The Manns Harbor Marina had fallen into disrepair by 2004 and had been bought by developers who were planning on building condominiums on the site. Before construction could begin, though, the real-estate market collapsed and the project never moved forward. To the residents of Manns Harbor, it was an opportunity to keep the feel of the village they loved.
From the left: Ladd Bayliss, an advocate for the N.C. Coastal Federation; Troy Outland, the Pelican Award winner; and Lauren Hermley, vice president of the N.C. Coastal Federation’s board of directors. Photo: Staff
“The community did not like the idea, and we wanted a working waterfront,” Cyndy Holda, president of the Manns Harbor Civic Association, said. “Manns Harbor has always been a . . . fishing village.”
A series of community meetings followed, and as the ideas began to take shape, Outland with his patience and even-keeled personality seemed the ideal person to take the lead.
“It was a project that needed to be done, and they were just asking for help [from] different people in the community,” he said. “They were trying to get a committee formed to represent Manns Harbor. I gave some input on some things I was interested in. As time went by I was asked to be the chairman to keep things going.”
Or, as Holda more succinctly said, “He was the most suitable for the chair.”
By 2008 there was agreement that what the village and fishermen wanted was a working marina, but that was going to take money. “We were able to get help from [State Senator] Marc Basnight and others to acquire the land and the thing just took off,” Outland said.
“It’s a lot of money out there,” he went on to say. “To purchase the land was over $4 million, then the first phase of construction was like $850,000.”
The second phase was just as expensive. There is a third phase planned, but it is on hold for the time being.
The facility is different in a number of ways. Designed for both recreational and commercial fishermen, the marina does not charge a fee for any boat using the docks. Also, how the docks would be maintained.
“Who would be responsible for the upkeep since we don’t charge anyone to stay there?” Outland asked. “There are no dock fees. As long as you’re working your boat you can stay there.

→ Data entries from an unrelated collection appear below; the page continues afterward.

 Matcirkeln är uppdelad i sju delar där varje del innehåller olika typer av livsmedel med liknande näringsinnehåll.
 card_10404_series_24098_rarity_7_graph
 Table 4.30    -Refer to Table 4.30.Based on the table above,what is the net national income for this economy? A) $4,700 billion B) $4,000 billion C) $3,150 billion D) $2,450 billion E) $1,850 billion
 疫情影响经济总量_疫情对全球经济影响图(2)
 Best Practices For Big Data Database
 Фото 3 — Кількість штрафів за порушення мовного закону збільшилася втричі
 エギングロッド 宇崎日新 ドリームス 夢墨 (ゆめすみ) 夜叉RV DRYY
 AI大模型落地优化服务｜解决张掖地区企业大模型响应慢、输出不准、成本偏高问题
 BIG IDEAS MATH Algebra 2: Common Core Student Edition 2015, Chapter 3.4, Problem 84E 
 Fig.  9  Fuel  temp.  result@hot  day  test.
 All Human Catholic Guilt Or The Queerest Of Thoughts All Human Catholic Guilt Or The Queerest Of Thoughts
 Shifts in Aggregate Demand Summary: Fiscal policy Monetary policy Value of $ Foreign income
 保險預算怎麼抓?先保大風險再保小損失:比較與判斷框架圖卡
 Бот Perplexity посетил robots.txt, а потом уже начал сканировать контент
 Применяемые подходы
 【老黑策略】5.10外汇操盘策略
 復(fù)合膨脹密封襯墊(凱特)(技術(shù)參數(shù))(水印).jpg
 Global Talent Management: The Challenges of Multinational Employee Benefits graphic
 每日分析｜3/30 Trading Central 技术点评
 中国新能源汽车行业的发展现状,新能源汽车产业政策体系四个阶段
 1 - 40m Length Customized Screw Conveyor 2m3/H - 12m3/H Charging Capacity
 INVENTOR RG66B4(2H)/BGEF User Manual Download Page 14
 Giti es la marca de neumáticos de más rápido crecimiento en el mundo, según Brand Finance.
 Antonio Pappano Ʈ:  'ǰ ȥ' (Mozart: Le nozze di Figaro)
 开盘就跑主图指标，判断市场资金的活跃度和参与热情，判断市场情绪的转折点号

The county and the state had to come to some agreement, and that was an issue that needed to be addressed.”
There were other issues that came up along the way, and Outland is comfortable handing out credit.
“A great deal of thanks to [Manns Harbor resident] Robin Mann and Cindy Holda,” he said. “They went to Raleigh and talked to different people to come up with the money to purchase the land.”
Docks at Manns Harbor Marina have been built for fishermen to launch and tie off their boats at no cost to them. Photo: Staff
There were others, he noted, who also kept the commission on track. Ladd Bayliss, the N.C. Coastal Federation advocate in Manteo, and Erin Fleckenstein, the manager of the federation’s office there, attended many of the meetings, he said.“Without them I would not know which way to turn, so it worked out real well,” he said.
The people he has worked with feel as strongly about the leadership Outland has shown throughout the project. “I think it’s incredibly safe to say that without Troy, there’s no way that the project would have been able to move forward in the way that it has,” Bayliss said.
The work of the Manns Harbor Commission is slowing down. The dock for the commercial fishing boats has recently been completed. He’s sleeping in now, Outland mentions, getting up at 5 a.m. to spend the day on the water.
The family tradition of working the water is being passed along; his son, Troy, Jr., is also a commercial fisherman out of Manns Harbor, although he ties up at the old emergency ferry dock off Old Ferry Dock Road.
Troy Jr., sits on the commission with his father. There is pride in that and pride in knowing that a family tradition will be passed along.
“It’s a way of life,” Outland said. “It’s something that you grow up into. You get the bug and that’s it.”